A Bueno Brunch At Buena Vista Cafe, Home of Irish Coffee
This is as clear as we could get our packed table for a shot of the Buena Vista Cafe's trademark Irish Coffee.
Photos by Andrea Grimes and Man O' The Hour
Generally speaking, I don't recommend visiting restaurants that have attached gift shops if you are over the age of 10. And really, if you're under the age of 10 believe me when I tell you: Absolutely nobody gives a shit about your Hard Rock Cafe T-shirt collection, least of all the cadre of friends and relatives you've baby-bullied with your tiny, nerdchild tears into bringing you back the overpriced sartorial souvenirs. And in a few years, even Goodwill is not going to give a shit about your Hard Rock Cafe T-shirt collection. No one will think less of you if you don't ever get the Madrid shirt, Andrea, nobody! NOBODY! GIVE IT UP NOW AND START COLLECTING VINYL.
But specifically speaking -- if it gets any more specific than addressing your 10-year-old self on a Dallas food blog -- I do recommend visiting the Buena Vista Cafe in San Francisco, which has a gift shop but! but! also what is probably the country's, if not the world's, finest Irish Coffee and a crab eggs Benedict that will make your brain fall out of your head if you try to understand how great it is.

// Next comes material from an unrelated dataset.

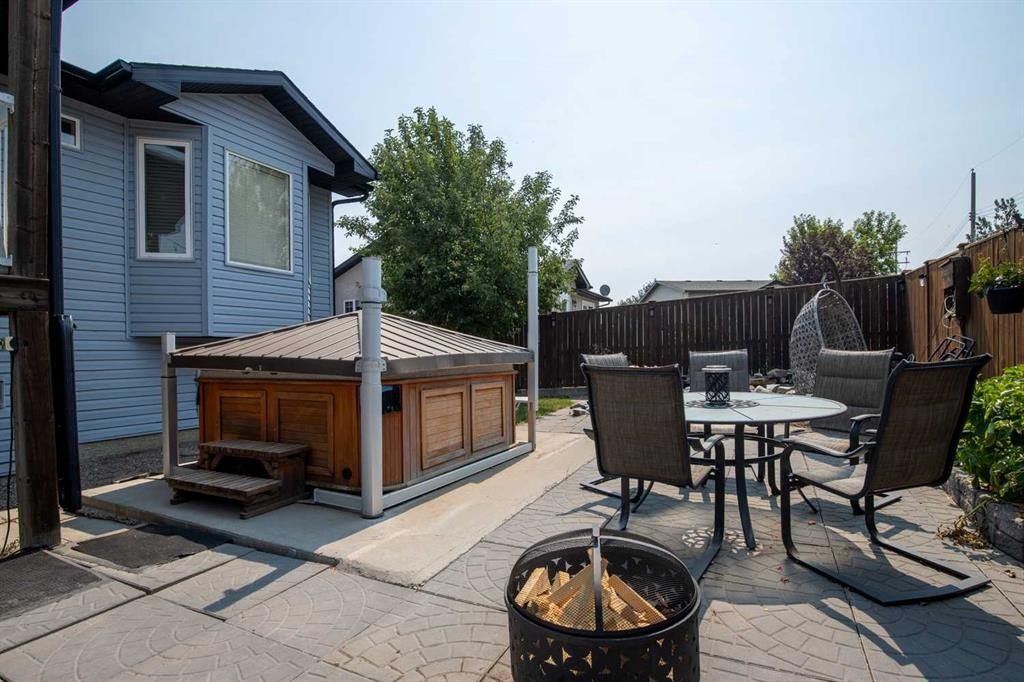 607 52 Avenue Close, Coalhurst, AB - Outdoor With Deck Patio Veranda With Exterior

I spent the New Year's weekend in Northern California with the Man O' The Hour, who took me on a whirlwind 72-hour tour of his homeland. We visited some mighty fine dive bars and ate In-N-Out Burger (tasty, but I'm not sure I understand the hype). We scarfed down Indian pizza, something I hope catches on with more fervor than Korean tacos. And we ate brunch at the historic Buena Vista, which is in the touristy area over by Geerardelli Square. I am not going to look up how to spell that because we have brunchy booze and eggs to discuss, both of which are mightily superior to chocolate.

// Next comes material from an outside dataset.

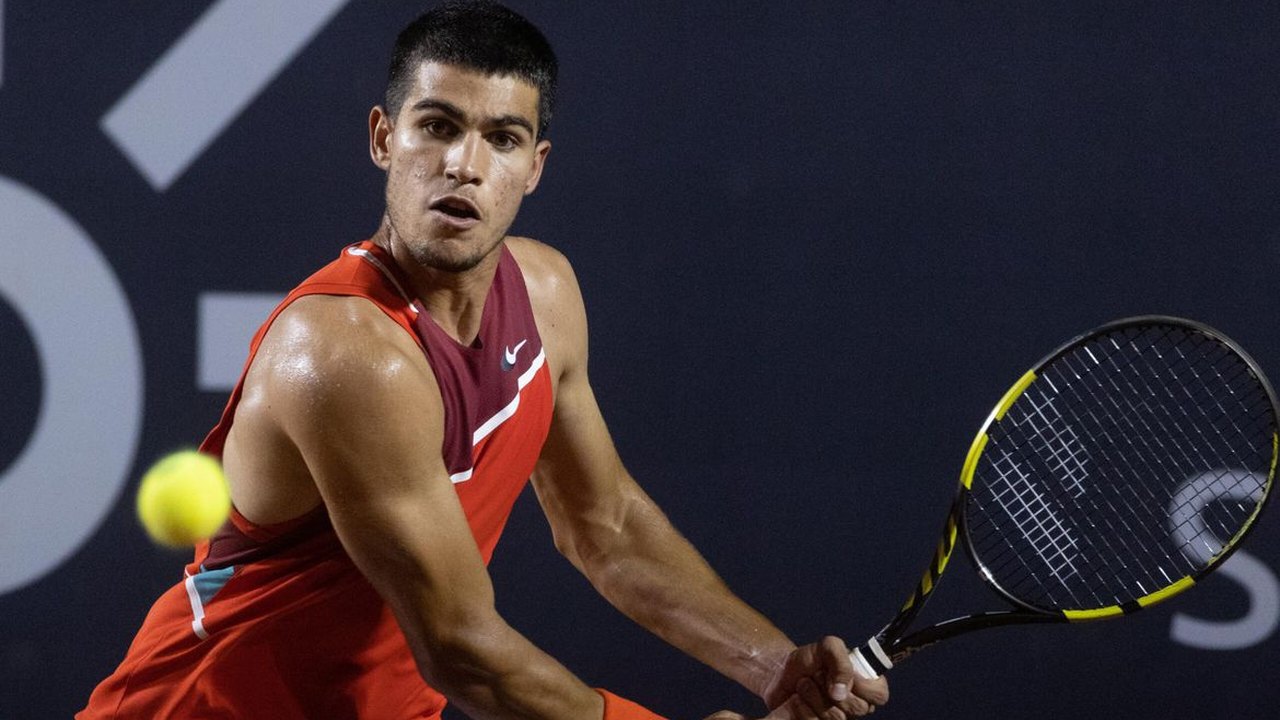 Alcaraz mostra força e defenderá título em Barcelona diante de 'freguês' Tsitsipas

New Year's Day was probably as crowded as any hangover Saturday near the water, with soggy, cold patrons fighting for first-come, first-serve seats inside the wood-paneled bar, behind which imposing, gray-haired bartenders responded to calls of "MAKE FIVE! MAKE TWO!" from vested waitresses counting Irish coffee orders.
The mix of locals and tourists made the place feel a bit like McSorley's in New York City, the Man O' The Hour mused. It's homey and friendly, but also a guidebook destination. The bar and cafe is too loud and messy and difficult to navigate for faint-of-heart tourists, and if you've got a full agenda of buying sourdough, chocolate and reproduction prison uniforms from Alcatraz, you're not going to want to spend a couple of hours elbowing your way through a plate of eggs.
Bloody Buena Vista Mary, con giant stalk o' celery.
We found a place at the bar a few minutes after 11 a.m., ordered a couple of Bloody Marys, and had two seats at a round five-top in 15 minutes or so. The Buena Vista Cafe is known for its Irish coffees -- they say the drink was more or less invented there -- but I needed some vitamins with which tamp down my New Year's Eve hangover, so Marys came first in squat glasses filled to the brim with what I believe was a spicy Clamato mix and ridiculously tall celery stalks that dwarfed our fat chalices. Our final bill wasn't itemized, but the delicious, tangy drinks couldn't have been more than $5 apiece.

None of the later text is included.